[What you should do]: Your task is to repeat the entries below exactly and to leave their images out.

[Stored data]
┏━━

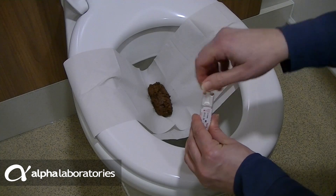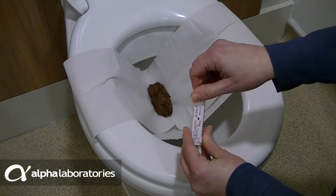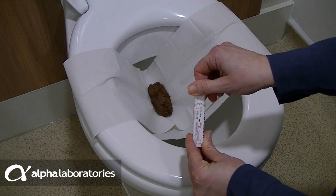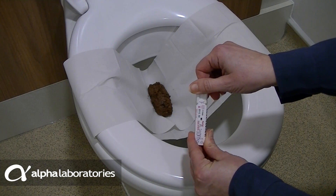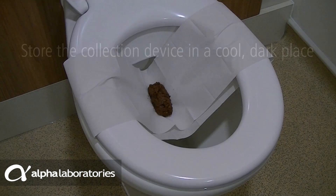Insert the stick carefully and slowly back into the tube. Twist and turn the cap clockwise until firmly sealed. Do not remove the cap or repeat the collection step again, as several faecal collections could lead to a false result.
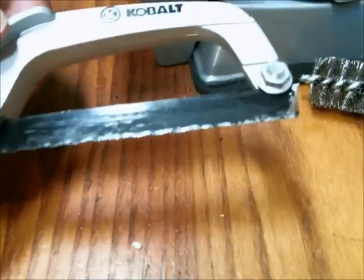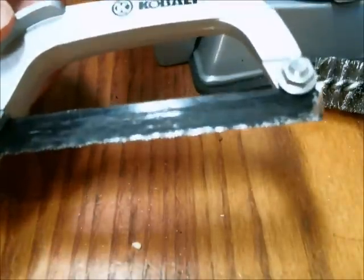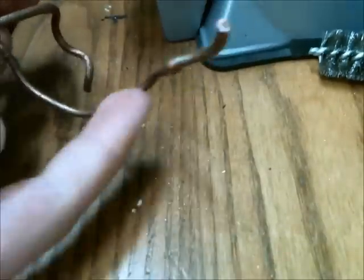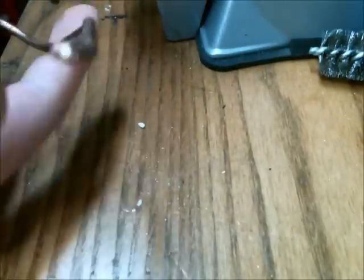I use this hacksaw to cut both the copper and the nickel. I just cut a small section off using the hacksaw — this is the nickel. And I cut a piece off of this copper wire here so I have a short rod that I can use.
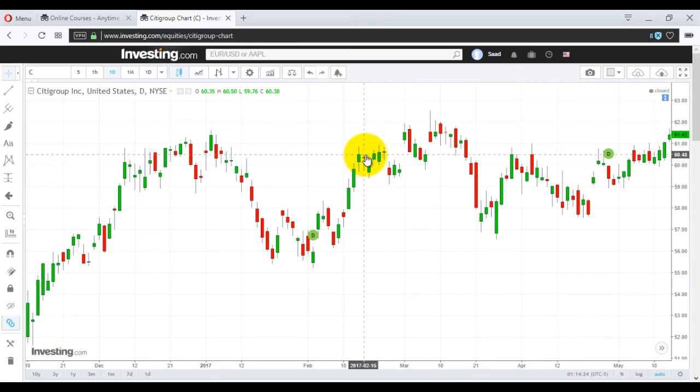So if you look at it from this pattern, you knew that there was a stoppage of trend. Previously it was in an uptrend, then it stopped due to this pattern. So this pattern is equally important — a complex pattern.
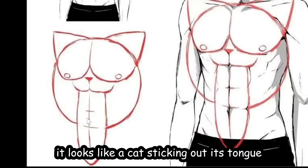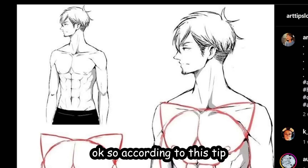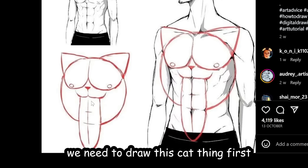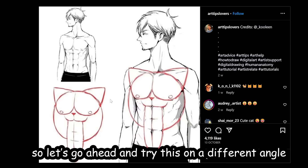What the heck is this? It looks like a cat sticking out its tongue — sticking out your tongue gap for the wrist? So according to this tip, in order to draw hot chiseled abs, we need to draw this cat thing first. I'm highly skeptical because this might not work at all angles, so let's try it on a different angle.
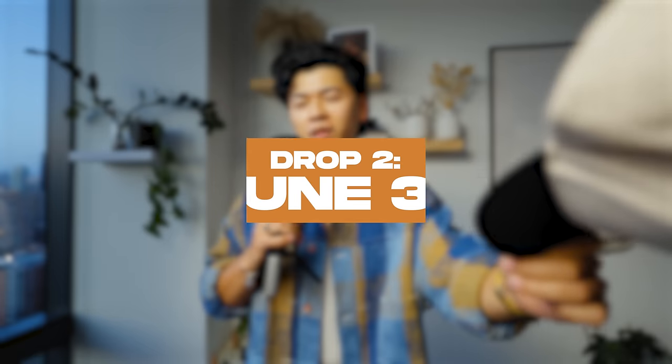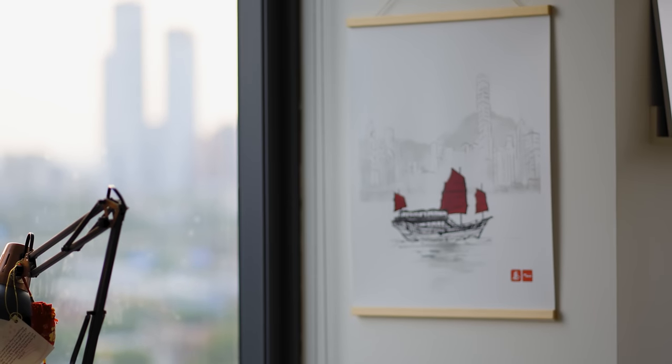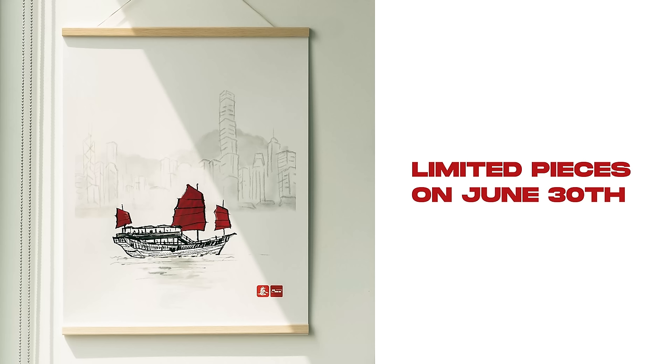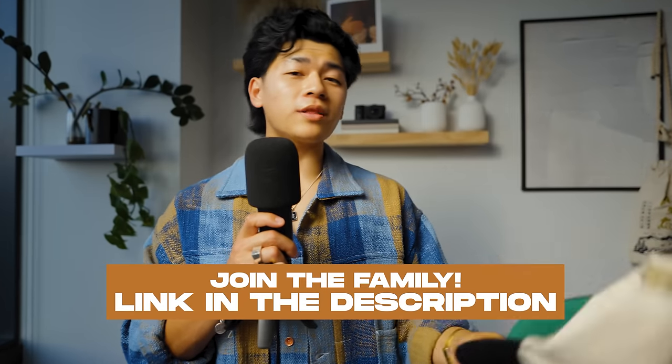Obviously I'm definitely biased. Mark your calendars for June 30th — that's when these two-tone caps are dropping and they are definitely going to sell out. Drop two is also going to include our concrete trays from the last drop restocked, and we're dropping an art piece based on Hong Kong culture — something I grew up on, watching TVB, old Jackie Chan movies, Bruce Lee. A lot of Hong Kong culture has shaped who I am today, and movies like Blade Runner and Ghost in the Shell were also based off Hong Kong. This art piece is super limited and I'm never going to restock it. Click the link in the description, visit achoicemade.com and join the family. The store goes live June 30th.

┗━━

[Task result]:
Insert the stick carefully and slowly back into the tube. Twist and turn the cap clockwise until firmly sealed. Do not remove the cap or repeat the collection step again, as several faecal collections could lead to a false result.
I use this hacksaw to cut both the copper and the nickel. I just cut a small section off using the hacksaw — this is the nickel. And I cut a piece off of this copper wire here so I have a short rod that I can use.
So if you look at it from this pattern, you knew that there was a stoppage of trend. Previously it was in an uptrend, then it stopped due to this pattern. So this pattern is equally important — a complex pattern.
What the heck is this? It looks like a cat sticking out its tongue — sticking out your tongue gap for the wrist? So according to this tip, in order to draw hot chiseled abs, we need to draw this cat thing first. I'm highly skeptical because this might not work at all angles, so let's try it on a different angle.
Obviously I'm definitely biased. Mark your calendars for June 30th — that's when these two-tone caps are dropping and they are definitely going to sell out. Drop two is also going to include our concrete trays from the last drop restocked, and we're dropping an art piece based on Hong Kong culture — something I grew up on, watching TVB, old Jackie Chan movies, Bruce Lee. A lot of Hong Kong culture has shaped who I am today, and movies like Blade Runner and Ghost in the Shell were also based off Hong Kong. This art piece is super limited and I'm never going to restock it. Click the link in the description, visit achoicemade.com and join the family. The store goes live June 30th.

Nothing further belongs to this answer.